Trauma History Screen (THS)
Participants saw a list of events from 14 trauma categories (e.g., Attacked with a gun, knife, or weapon; Sudden death of close family or friend) and were asked to “select the events that had happened to you [them]” and “indicate the number of times” these events had happened to them (Carlson et al., 2011). Participants then described the event they were most bothered by (i.e., their worst/most stressful or traumatic event), selected the trauma category that best described their worst event (same list as above), and reported several characteristics of their worst event (e.g., age at event). We followed the format of trauma exposure measures that typically ask participants to identify, describe, and report details about the event they have experienced that was the most emotionally bothersome to them—often referred to as their “worst” event (e.g., Carlson et al., 2011; Weathers, Blake, et al., 2013). We assessed participants’ worst event because asking participants to report sharing-related details about all traumatic events they had experienced would have been demanding for participants and may have led to inaccurate or less considered responses. The THS has excellent convergent validity (rs = .73–.77) and temporal stability for high magnitude stressor events (i.e., sudden events that cause extreme distress in most people exposed; r = .93), and persisting posttraumatic distress events (i.e., events associated with significant distress lasting longer than a month; r = .73; Carlson et al., 2011).
Subjective Sharing
We asked participants “to what extent do you [they] feel like this [their worst] stressful or traumatic event was a ‘shared’ event?” (1 = Not at all, 5 = Extremely), and to explain their answer in an open text box. 1 To avoid influencing their responses, we did not provide participants with definitions or examples of a “shared” event.
Procedure
To prevent bots/non-residents from completing the study, participants had to pass a captcha and score at least 8/10 on an English proficiency test to enter the study (Moeck et al., 2022). After providing consent, participants saw each questionnaire in the order presented above. Considering participants may have experienced discomfort, a link to contact details for support services appeared at the bottom of each survey page. Participants were compensated and debriefed after completing the study.
Results and Discussion
Analysis Strategy
We used a combination of quantitative and qualitative data analysis to explore the nature of shared traumatic experiences in Study 1. First, we present descriptive information about the characteristics of participants’ worst events (i.e., sample characteristics). We then report the extent to which participants perceived their worst event as shared both overall and for different types of traumatic events (i.e., subjective sharing).

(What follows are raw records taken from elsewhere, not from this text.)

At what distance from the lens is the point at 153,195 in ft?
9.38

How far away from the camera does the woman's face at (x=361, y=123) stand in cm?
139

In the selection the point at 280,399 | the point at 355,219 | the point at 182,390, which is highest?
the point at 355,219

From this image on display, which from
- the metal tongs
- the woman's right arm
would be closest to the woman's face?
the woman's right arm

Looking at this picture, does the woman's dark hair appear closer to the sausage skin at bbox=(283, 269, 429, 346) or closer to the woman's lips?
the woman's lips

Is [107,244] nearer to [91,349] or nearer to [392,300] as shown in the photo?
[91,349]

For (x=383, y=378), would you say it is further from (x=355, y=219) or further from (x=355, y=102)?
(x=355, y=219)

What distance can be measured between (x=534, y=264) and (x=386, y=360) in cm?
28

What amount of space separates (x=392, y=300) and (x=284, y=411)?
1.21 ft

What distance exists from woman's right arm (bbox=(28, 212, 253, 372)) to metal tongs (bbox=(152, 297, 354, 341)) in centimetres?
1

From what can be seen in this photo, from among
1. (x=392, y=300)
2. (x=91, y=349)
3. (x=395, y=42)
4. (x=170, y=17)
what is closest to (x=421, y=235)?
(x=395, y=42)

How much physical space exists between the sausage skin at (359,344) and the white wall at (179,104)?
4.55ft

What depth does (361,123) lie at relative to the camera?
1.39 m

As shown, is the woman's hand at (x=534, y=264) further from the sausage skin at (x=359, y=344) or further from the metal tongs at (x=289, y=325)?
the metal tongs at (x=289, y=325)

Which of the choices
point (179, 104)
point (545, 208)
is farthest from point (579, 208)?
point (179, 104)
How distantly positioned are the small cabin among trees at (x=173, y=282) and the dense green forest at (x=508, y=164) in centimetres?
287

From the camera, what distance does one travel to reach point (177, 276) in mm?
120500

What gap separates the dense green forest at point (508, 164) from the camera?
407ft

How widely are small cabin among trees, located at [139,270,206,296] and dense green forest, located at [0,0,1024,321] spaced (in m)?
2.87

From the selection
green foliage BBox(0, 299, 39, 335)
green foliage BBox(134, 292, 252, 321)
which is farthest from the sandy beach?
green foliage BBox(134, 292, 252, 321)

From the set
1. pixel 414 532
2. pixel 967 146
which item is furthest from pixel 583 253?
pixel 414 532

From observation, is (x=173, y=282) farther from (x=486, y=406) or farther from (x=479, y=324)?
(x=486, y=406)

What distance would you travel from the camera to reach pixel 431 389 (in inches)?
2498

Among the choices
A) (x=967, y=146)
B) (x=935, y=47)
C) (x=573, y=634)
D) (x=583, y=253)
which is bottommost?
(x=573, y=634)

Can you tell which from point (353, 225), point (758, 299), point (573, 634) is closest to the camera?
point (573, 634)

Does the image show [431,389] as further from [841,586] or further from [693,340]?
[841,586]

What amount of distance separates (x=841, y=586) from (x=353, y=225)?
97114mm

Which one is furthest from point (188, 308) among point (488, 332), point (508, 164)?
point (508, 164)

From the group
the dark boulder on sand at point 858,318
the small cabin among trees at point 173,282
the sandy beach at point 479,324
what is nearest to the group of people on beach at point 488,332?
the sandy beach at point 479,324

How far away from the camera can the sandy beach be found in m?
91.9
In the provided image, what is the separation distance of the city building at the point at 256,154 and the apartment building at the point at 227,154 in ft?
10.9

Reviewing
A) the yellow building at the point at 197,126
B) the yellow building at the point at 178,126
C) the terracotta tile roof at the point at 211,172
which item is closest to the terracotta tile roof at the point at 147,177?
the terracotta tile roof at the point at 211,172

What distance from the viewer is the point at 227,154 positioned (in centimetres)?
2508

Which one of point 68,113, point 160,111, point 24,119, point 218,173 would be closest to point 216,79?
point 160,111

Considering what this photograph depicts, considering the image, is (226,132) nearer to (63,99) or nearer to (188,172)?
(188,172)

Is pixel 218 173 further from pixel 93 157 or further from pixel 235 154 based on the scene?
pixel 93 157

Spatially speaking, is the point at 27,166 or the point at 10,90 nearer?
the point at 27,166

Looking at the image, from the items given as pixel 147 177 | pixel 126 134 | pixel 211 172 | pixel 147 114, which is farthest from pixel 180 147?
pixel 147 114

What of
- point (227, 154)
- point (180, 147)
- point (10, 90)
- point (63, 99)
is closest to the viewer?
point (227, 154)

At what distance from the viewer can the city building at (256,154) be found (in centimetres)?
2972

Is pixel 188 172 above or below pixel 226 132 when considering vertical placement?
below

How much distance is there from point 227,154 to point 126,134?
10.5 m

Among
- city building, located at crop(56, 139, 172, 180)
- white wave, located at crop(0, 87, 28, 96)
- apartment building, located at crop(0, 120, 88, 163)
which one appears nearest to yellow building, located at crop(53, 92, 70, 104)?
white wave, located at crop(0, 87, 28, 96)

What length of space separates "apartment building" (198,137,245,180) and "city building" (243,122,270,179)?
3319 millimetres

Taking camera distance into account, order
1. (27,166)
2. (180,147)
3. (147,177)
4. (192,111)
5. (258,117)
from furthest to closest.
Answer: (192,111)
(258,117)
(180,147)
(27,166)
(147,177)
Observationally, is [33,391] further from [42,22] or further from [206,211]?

To determine how people share traumatic experiences with others, we next present the thematic analysis procedure and results (i.e., thematic analysis). This analysis not only allowed us to verify and consolidate existing sharing concepts from the scientific literature but also to identify novel sharing concepts. Last, we report the frequency of different sharing forms (i.e., forms of sharing) so that the relative prevalence of these can be assessed overall and for different types of traumatic events.
Data Cleaning
Our data cleaning process is summarized in Supplementary Material: https://osf.io/fn24q. Consistent with PTSD Criterion A.1 (DSM-IV), we operationalized traumatic events as “events participants experienced, witnessed, or were confronted with, involving actual or threatened death or serious injury, or a threat to the physical integrity of themselves or others” (American Psychiatric Association [APA], 2000). 2 This operationalization encompasses all THS trauma categories aside from “Some other sudden event that made you feel scared, helpless or horrified” and “Other” (Carlson et al., 2011). Rather than losing data from the 19.3% of our sample who reported events from these two categories, we assessed whether responses differed between these miscellaneous negative events—which we termed stressful events—and traumatic events (i.e., THS trauma categories). We found a similar pattern of results for stressful and traumatic events (Supplementary Table S16). To provide greater context to these stressful events, we inductively created five additional categories that captured most responses (i.e., Non-sudden death of close family or friend, Stress in everyday activities, Health-related problems for the participant/a close other, Human rights violation, and Relationship issues; Supplementary Table S2).
Sample Characteristics
We first examined our sample for prevalence of exposure to traumatic event(s). In most cases, participants’ worst event was considered a high magnitude stressor event (80.7%), a persisting posttraumatic distress event (54.8%), and a Criterion A.1 event (90.1%; APA, 2000; Carlson et al., 2011). The most common worst event was the sudden death of a close other (25.6%), followed by vehicle accidents (10.7%), health-related problems (7.1%), and sudden abandonment (5.5%; see Supplementary Material for all characteristics data).
Subjective Sharing
We were interested in determining the extent to which participants rated their worst event as shared. Overall, 78.5% of participants rated their worst event as shared to some extent (21.5% = not at all, 12.6% = slightly, 17.8% = moderately, 24.7% = considerably, 23.5% = extremely; total sample: M = 3.16, SD = 1.47). We ran a one-way between subjects ANOVA for mean subjective sharing ratings by event type to determine which events were most subjectively shared. Participants perceived the non-sudden (M = 4.25, SD = 1.22) and sudden (M = 4.06, SD = 1.06) death of a close other, and natural disasters (M = 3.88, SD = 1.12) as the most shared (Welch’s F[18, 78.58] = 9.17, p < .001, ηp2 = .261, 95% CI [0.17, 0.30]; Supplementary Tables S9–10). These types of events appear related because they would almost always affect a significant number of people participants know (e.g., family, community members).
Thematic Analysis
Before conducting our thematic analysis, we analyzed participants’ subjective sharing explanations using two computer-based qualitative analysis programs: the Linguistic Inquiry and Word Count program (LIWC2015; Pennebaker et al., 2015) and NVivo 12 (QSR International Pty Ltd, 2018). We used these analyses to explore general categories within participants’ subjective sharing explanations, which informed our thematic analyses (i.e., highlighted themes we may have otherwise overlooked). Consistent with current conceptualizations of sharing, we found that participants frequently used words associated with other people—particularly close others (e.g., family), their mood and emotions, the presence of others, and discussions with others in their subjective sharing explanations (see Supplementary Material).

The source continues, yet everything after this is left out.